I have no corroboration for this and, in fact, I have seen statements claiming this report of release is false.
(Aljazeera) - Two Syrian bishops who were reportedly kidnapped carrying out humanitarian work in the northern province of Aleppo have been released, according to a Christian association.
SANA news agency said the Syriac Orthodox and Greek Orthodox Archbishops of Aleppo, Yohanna Ibrahim and Paul Yazigi, were seized on Monday in the village of Kfar Dael.
A Syriac member of the opposition Syrian National Coalition, Abdulahad Steifo, said the men had been kidnapped on the road to Aleppo from the rebel-held Bab al Hawa crossing with Turkey.
Al Jazeera's Rula Amin, reporting from Beirut, said the kidnapping "has sent a lot of concern to the Christian community in Aleppo and throughout Syria".
"They are afraid of the rising power among Islamist groups; many [Christians] have left the country as battles raged in the last six months.

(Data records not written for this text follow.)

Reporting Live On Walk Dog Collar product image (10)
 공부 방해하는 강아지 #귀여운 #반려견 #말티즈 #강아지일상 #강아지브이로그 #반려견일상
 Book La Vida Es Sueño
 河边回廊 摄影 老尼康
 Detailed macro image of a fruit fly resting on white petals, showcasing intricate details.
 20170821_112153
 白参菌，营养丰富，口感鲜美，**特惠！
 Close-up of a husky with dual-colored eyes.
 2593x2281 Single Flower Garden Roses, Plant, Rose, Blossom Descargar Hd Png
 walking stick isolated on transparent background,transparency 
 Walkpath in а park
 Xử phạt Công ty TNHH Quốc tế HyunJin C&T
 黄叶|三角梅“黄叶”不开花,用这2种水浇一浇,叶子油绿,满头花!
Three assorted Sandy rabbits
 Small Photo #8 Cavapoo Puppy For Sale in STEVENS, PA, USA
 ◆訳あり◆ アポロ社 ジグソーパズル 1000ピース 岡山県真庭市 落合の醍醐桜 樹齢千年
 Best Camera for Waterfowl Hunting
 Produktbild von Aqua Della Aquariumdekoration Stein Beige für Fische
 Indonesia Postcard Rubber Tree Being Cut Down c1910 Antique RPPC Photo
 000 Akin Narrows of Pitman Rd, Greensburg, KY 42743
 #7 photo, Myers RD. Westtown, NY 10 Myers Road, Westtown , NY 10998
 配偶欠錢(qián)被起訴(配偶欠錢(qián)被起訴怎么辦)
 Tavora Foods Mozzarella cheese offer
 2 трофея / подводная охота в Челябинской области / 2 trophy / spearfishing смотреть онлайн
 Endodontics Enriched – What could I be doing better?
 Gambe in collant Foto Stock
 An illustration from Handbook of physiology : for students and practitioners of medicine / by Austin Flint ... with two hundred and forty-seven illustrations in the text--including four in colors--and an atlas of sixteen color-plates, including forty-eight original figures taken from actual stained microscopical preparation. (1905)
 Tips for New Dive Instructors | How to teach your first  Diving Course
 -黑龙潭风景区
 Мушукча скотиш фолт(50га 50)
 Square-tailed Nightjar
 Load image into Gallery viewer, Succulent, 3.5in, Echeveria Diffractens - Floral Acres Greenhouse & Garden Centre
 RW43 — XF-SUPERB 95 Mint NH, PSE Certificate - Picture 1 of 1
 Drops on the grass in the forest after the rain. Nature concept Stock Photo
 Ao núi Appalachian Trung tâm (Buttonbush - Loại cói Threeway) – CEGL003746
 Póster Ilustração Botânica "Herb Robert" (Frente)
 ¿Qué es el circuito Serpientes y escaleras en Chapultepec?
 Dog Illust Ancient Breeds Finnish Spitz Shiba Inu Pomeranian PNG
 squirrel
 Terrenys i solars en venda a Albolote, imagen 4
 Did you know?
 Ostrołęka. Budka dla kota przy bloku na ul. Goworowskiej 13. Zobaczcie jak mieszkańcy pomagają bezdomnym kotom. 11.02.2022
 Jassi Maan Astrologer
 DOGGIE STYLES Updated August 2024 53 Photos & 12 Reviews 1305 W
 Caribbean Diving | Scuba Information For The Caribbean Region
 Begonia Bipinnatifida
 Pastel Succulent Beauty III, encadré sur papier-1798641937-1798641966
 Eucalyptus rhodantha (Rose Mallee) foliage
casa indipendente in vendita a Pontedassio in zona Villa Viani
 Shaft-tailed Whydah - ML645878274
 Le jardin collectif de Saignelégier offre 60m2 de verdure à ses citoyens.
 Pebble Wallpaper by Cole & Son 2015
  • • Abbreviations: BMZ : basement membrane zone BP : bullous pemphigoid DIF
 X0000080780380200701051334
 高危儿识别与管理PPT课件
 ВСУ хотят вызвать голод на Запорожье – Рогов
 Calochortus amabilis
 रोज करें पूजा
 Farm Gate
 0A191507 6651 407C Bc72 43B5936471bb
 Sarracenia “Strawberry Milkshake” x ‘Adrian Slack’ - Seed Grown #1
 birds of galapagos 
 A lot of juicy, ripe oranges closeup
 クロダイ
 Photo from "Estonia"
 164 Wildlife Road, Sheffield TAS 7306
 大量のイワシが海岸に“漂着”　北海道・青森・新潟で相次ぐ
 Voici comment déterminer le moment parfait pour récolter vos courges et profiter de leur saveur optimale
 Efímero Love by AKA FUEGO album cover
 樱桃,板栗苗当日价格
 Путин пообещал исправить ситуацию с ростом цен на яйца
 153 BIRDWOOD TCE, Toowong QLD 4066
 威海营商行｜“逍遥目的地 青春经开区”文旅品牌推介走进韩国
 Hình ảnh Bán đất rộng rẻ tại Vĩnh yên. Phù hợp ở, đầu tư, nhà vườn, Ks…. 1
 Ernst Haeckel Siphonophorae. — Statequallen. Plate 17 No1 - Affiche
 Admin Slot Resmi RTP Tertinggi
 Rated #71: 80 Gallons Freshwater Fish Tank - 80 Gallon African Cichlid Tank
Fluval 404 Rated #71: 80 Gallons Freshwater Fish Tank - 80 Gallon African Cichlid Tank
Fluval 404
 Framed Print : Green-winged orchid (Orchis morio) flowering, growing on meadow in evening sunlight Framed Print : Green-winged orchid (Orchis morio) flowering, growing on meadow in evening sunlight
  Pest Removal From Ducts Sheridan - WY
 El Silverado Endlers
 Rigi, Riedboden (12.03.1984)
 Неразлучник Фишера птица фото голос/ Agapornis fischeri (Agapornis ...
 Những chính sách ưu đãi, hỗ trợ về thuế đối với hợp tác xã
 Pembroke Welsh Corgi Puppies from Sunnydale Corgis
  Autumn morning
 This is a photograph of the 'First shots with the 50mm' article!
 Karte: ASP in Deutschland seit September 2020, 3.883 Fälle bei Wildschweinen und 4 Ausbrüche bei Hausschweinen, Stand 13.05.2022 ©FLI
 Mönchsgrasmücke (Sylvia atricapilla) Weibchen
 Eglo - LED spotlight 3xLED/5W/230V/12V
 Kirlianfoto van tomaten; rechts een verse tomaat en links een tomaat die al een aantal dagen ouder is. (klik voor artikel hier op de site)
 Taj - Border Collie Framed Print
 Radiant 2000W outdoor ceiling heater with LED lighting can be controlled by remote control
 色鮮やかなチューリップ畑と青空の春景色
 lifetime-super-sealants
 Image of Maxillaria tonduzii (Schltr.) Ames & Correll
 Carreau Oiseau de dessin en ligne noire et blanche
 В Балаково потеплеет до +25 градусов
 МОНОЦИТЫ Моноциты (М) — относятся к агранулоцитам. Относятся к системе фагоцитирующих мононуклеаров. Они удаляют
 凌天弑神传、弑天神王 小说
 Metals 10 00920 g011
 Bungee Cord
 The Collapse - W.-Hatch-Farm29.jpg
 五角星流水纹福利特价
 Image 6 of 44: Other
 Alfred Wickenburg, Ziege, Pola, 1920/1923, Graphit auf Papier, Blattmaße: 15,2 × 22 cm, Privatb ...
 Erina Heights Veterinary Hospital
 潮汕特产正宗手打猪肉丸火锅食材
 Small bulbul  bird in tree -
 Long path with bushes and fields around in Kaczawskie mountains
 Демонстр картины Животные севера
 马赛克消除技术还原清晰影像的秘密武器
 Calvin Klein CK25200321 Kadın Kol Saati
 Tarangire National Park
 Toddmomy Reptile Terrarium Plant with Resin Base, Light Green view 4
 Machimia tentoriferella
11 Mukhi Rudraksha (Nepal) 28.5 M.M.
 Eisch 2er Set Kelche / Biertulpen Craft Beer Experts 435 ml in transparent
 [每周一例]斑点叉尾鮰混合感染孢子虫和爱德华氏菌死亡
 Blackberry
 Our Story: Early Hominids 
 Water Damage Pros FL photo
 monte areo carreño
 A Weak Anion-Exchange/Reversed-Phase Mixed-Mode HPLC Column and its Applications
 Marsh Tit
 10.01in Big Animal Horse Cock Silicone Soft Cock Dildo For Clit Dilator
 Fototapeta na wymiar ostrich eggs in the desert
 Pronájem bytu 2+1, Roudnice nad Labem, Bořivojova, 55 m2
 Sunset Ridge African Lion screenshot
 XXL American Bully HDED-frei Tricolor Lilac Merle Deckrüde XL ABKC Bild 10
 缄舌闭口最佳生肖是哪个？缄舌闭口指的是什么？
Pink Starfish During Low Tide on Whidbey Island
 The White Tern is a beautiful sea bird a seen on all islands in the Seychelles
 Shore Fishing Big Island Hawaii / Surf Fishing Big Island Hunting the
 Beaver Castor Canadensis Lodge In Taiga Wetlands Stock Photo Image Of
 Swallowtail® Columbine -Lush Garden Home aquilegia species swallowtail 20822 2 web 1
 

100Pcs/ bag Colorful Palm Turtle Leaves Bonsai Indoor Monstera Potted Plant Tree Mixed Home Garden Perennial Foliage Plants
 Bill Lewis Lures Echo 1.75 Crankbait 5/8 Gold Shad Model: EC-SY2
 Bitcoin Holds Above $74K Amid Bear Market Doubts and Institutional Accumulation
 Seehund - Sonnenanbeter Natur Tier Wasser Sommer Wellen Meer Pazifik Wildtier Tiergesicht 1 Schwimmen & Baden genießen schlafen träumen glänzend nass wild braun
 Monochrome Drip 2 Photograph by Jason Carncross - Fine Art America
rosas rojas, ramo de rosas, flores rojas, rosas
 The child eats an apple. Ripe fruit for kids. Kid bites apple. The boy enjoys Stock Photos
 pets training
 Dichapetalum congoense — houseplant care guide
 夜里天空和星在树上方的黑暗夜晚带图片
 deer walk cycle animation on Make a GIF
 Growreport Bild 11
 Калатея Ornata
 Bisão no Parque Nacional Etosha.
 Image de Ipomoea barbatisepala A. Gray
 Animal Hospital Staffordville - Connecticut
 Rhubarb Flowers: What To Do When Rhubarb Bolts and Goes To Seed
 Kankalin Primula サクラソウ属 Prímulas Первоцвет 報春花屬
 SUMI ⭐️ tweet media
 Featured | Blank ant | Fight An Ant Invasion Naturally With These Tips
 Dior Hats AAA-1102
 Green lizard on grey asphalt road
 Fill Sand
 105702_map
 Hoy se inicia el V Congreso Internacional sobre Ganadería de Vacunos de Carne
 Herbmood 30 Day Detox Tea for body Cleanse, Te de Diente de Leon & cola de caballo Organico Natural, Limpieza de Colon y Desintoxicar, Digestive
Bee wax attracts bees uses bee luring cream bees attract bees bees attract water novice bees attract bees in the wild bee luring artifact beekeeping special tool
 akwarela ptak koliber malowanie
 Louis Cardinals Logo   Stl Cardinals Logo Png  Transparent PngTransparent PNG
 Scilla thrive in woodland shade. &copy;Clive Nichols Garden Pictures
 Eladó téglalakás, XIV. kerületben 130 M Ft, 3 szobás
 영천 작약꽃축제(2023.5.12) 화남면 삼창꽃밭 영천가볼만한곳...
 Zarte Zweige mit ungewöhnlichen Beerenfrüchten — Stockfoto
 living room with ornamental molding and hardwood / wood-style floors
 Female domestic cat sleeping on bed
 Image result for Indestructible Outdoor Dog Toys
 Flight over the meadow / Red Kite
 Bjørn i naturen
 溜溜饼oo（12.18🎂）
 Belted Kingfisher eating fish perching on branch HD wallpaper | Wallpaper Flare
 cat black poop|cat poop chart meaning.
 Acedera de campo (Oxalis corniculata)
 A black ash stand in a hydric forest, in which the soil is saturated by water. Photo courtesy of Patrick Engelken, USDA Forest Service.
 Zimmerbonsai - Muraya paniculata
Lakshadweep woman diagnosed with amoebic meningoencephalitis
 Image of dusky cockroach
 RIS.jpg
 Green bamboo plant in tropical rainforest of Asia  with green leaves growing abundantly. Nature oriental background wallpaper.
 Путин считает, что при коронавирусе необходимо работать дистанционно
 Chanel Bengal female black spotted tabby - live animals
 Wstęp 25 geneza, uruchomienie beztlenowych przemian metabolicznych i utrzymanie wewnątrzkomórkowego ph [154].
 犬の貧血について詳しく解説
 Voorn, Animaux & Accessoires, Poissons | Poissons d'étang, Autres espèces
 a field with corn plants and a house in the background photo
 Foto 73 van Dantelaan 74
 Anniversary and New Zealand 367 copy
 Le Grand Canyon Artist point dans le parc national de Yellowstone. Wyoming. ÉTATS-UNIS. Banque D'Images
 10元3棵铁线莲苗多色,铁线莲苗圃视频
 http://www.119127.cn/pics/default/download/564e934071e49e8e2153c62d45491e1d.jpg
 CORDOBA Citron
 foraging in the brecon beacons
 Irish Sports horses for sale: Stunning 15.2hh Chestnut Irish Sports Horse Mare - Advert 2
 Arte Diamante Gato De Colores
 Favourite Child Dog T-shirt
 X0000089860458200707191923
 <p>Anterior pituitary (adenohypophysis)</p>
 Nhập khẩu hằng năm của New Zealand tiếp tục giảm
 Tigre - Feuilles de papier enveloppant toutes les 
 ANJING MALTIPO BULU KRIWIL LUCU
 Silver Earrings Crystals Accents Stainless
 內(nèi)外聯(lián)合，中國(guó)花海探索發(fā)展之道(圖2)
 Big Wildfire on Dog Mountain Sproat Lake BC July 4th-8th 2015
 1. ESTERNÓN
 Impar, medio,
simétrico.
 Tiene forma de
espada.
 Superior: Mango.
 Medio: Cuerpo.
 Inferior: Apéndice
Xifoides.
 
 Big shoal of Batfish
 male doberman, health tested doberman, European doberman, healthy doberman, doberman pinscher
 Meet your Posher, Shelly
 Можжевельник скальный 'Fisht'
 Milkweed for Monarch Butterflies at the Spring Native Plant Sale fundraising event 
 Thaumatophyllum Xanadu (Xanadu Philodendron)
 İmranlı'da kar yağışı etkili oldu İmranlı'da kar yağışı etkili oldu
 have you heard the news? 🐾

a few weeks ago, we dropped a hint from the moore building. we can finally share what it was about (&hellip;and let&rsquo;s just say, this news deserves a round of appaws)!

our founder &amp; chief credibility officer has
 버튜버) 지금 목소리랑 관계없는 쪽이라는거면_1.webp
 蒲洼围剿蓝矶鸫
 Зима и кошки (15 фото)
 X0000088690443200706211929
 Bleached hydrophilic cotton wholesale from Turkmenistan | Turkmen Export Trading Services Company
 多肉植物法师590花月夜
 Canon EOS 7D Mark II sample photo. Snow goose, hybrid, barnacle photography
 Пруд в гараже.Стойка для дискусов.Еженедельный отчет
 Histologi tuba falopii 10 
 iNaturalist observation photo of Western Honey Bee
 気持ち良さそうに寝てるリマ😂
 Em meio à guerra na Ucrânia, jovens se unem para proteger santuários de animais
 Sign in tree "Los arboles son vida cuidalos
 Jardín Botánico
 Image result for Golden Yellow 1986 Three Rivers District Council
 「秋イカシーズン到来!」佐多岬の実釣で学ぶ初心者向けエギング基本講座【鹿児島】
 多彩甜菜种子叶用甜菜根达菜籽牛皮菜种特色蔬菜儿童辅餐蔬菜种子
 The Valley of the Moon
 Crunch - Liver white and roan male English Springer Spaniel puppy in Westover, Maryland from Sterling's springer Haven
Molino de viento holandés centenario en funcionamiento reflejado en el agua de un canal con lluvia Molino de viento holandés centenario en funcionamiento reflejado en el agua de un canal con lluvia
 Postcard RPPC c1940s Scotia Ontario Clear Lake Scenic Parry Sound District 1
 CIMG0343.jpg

This is just another sign of a deteriorating situation for them."
Several prominent Muslim clerics have been killed in Syria's uprising against President Bashar al-Assad, but the two bishops are the most senior church leaders caught up in the conflict.
Christians make up less than ten per cent of the country's 23 million people and, like other religious minorities, many have been wary of the mainly Sunni Muslim uprising against Assad, whose Alawite sect is an offshoot of the Shia sect.
Fears for their future if the rebels were to end 40 years of Assad dynastic rule, which ensured religious freedom without political rights, have increased with the growing strength of rebels and a pledge of allegiance to al-Qaeda by the hardline Nusra Front rebels two weeks ago.
Steifo said Ibrahim had gone to collect Yazigi from the rebel-held Bab al-Hawa crossing because he had crossed there several times before and was familiar with the route.
The two men were driving to Aleppo when they were kidnapped, he added.
Asked who was behind their abduction, Steifo said: "All probabilities are open."
Last September, Ibrahim said that hundreds of Christian families had fled Aleppo as rebels and soldiers battled for control of the country's biggest city.
"In its modern history Aleppo has not seen such critical and painful times ... Christians have been attacked and kidnapped in monstrous ways and their relatives have paid big sums for their release," he told Reuters.
In the central city of Homs, which saw the heaviest bloodshed earlier this year, he said several churches and Christian centres had been damaged in the fighting.
"Until a few months ago the idea of escaping had not crossed the minds of the Christians, but after the danger worsened it has become the main topic of conversation."